There is general disagreement in the literature if there is any difference in oil recovery when rocks are water-wet but not considered strongly water-wet. The phenomenon of "water blocking" is thought to be responsible. This occurs when high water saturation is present and CO2 must diffuse through water to contact oil. It is a function of wettability and the pore structure.

Overcoming the perceived technical challenges. Fundamental research in basic fluid characterization and coreflood studies using crude oil and cores from oil fields in the Midwest could further enhanced oil recovery estimates for immiscible and miscible-liquid CO2 floods.

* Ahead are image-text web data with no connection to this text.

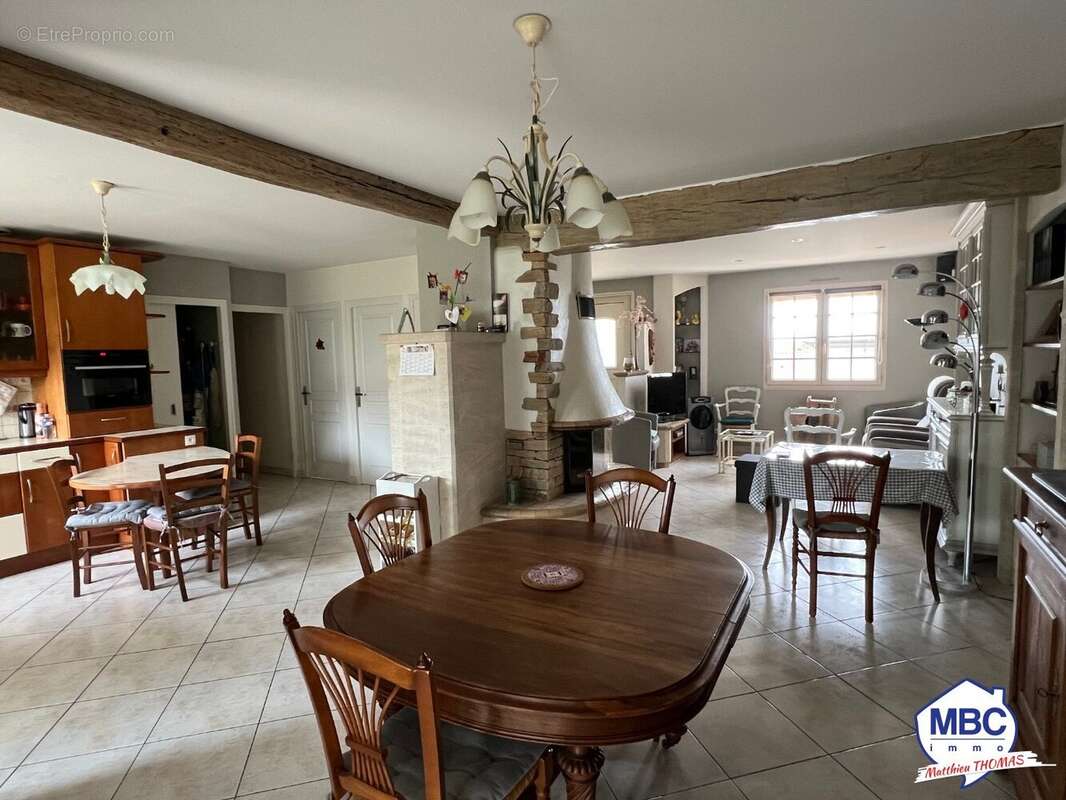 Maison à LA SEGUINIERE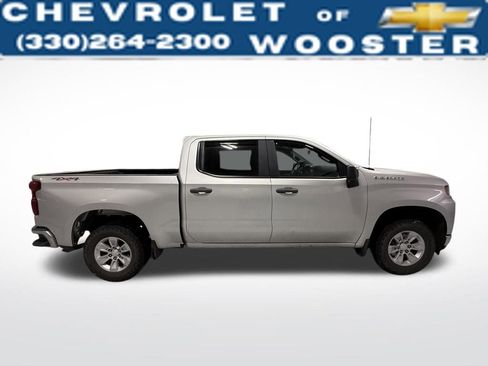 Used 2019 Chevrolet Silverado 1500 W/T w/ WT Convenience Package image 7
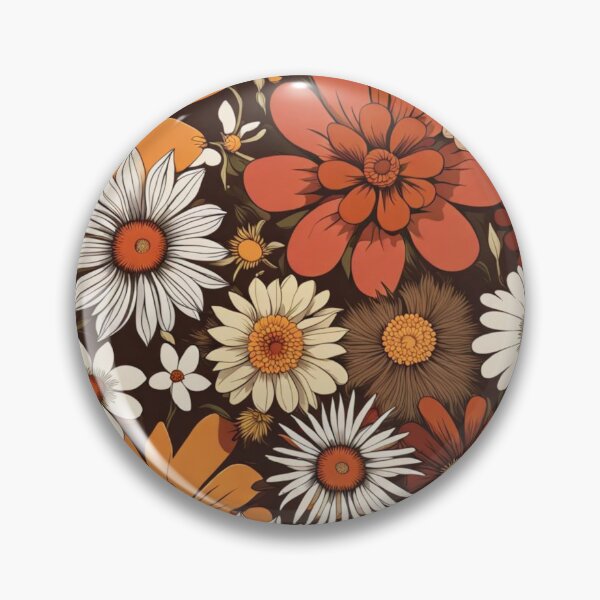 Item preview, Blooming Wildflowers Seamless Pattern designed and sold by Sol-threads.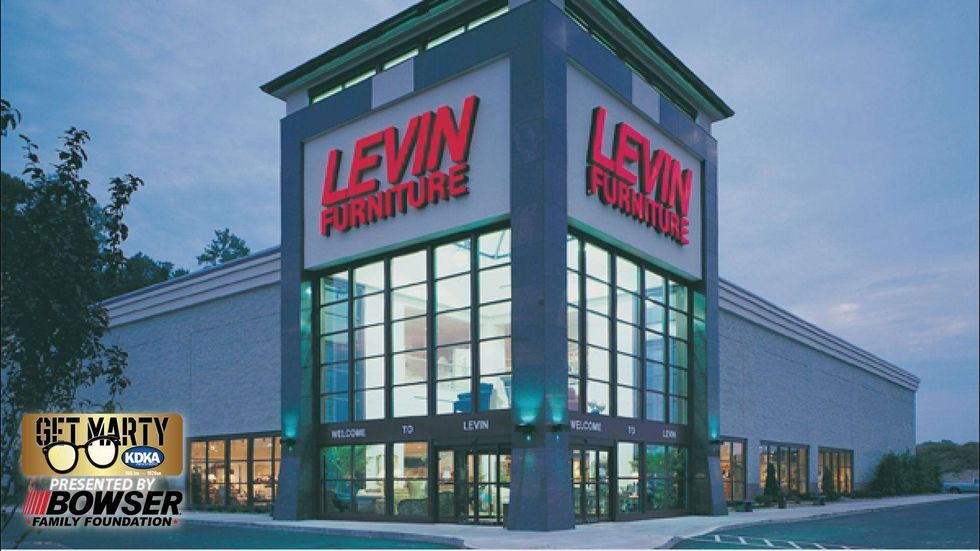 Levin Furniture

Characterization of crude oil and CO2 for gas and liquid CO2 at subcritical pressure-temperature could compliment the more extensive literature covering similar characterization at supercritical temperature.

Operational challenges

Once oil company resource and technical challenges are addressed, there are operational challenges directly related to field activities.

These include presence of well service providers with CO2 EOR experience, the integrity of casing and cement of wells, pre-law well (in general, pre-law wells refer to wells drilled, completed, and-or abandoned prior to regulations within a given state) completion types and locations, and maintaining reservoir pressure in a miscible-liquid CO2 flood.

Field well work support. In general, well work related to wells producing and injecting in CO2 EOR floods are identical. The only difference is the fluid being injected and produced is highly energized compared with water injection or associated gas production.

Well work may be routine, but working with and around CO2 is not. Local service companies will not have CO2 EOR experience or CO2-compatible equipment available until a market is present and adequate demand for services and equipment develops. Services required include pulling units, workover rigs, stimulation trucks and pumps, and cased hole logging tools.

Most all tools and downhole equipment used in the subsurface will need to be CO2 compatible or deemed safe to run in the downhole environment encountered in a CO2 EOR oil field. Equipment may include specific types of CO2-compatible equipment and parts on production and injection wellheads and surface separation equipment.

Casing and cement integrity of early wellbores. Age of existing wells is a consideration in most oil field activities and is of particular importance for CO2 EOR. There will be different regulatory requirements for production and injection wells.

While redrilling wells may be an acceptable solution, it is important to ensure integrity of the wellbores for older wells. Casing integrity for most operators is likely a relatively routine consideration under current operating conditions. However, surface pressure requirements for CO2 injection and production will likely be much higher.

Pre-law well completion types and locations. Pre-law wells had no requirements in the use of cement or steel casing, no plugging requirements on abandonment, and no notification or record filing requirements with regard to location or depth of the well.

Uncertainty of location and completion records of pre-law wells is an operational challenge only if the wells are known to exist or they are found subsequent to CO2 EOR and from a surface or subsurface release of reservoir fluids above the cap rock of the oil reservoir. Depending on the volume of fluids flowing, a previously unknown well can be dealt with on a case-by-case basis similar to how they would currently during a waterflood.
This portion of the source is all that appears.